= NTA Kaduna =

NTA Kaduna is a regional branch of the Nigerian Television Authority headquartered in Kaduna, capital of the Kaduna State eponymous state. Its origins date back to the former BCNN, which eventually became Radio Kaduna Television.

==History==
The government of the Northern Region, owner of the Broadcasting Corporation of Northern Nigeria (BCNN), negotiated in 1961 with two British companies (the Granada group and EMI). Together, they would "provide television to the three main centres: Kano, the Commercial Centre of the North; Kaduna, the Capital of Northern Nigeria; and Zaria, the academic Centre of the North".

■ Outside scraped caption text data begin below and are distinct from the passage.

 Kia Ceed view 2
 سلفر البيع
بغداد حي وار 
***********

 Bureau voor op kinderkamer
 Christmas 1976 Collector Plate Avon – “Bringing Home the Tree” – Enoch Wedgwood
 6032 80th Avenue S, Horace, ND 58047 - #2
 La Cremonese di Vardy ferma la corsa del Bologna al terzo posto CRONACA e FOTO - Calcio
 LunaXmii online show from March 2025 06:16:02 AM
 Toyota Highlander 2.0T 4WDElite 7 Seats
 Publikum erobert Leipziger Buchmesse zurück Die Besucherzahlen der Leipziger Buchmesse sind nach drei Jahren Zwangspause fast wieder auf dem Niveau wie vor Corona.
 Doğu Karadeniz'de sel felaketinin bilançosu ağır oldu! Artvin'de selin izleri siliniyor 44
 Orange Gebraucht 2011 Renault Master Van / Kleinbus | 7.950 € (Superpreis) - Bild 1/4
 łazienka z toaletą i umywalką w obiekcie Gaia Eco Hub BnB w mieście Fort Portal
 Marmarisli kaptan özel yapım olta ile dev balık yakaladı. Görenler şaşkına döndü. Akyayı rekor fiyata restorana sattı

Radio Kaduna Television (RKTV) began broadcasting on 15 March 1962 on VHF channel 4 using a temporary studio at the Independence Hall of Government College, Kaduna, in an attempt from the regional government to start ahead of deadline. In August 1962, it started broadcasting to Zaria (channel 4) and in February 1963, to Kano (channel 10). In the same month, RKTV moved to new, permanent facilities at No. 7 Hospital Road, from where it broadcast three hours a day, six days a week. One third of RKTV's programmes were produced locally, in both English and Hausa languages. At the time, RKTV had the most advanced television infrastructure in Nigeria, coupled with a high number of potential viewers, as the region alone had a population of 30 million. Out of all the television stations that existed in Nigeria at the time, it was the only one that had favorable relations to the government, without breaking contracts.

RKTV was the first station in Nigeria to air the British sci-fi series Doctor Who on 3 August 1965, also the first television station in Africa overall. During this period, the station broadcast on average four hours a day, starting at 6:30pm with a reading of the Quran and ending at approximately 10:30pm after the late news. By the early 1970s, it was broadcasting from 5pm to 12:15am daily.

With the creation of the new Nigerian Television Authority, following the increase in states, Kaduna was put under zone D, in central-northern Nigeria, also supervising NTA Kano and NTA Jos. NTA Kano was formerly under the jurisdiction of RKTV and subsequently became its own station. NTA Kaduna's coverage area has since been reduced to the state of Kaduna alone.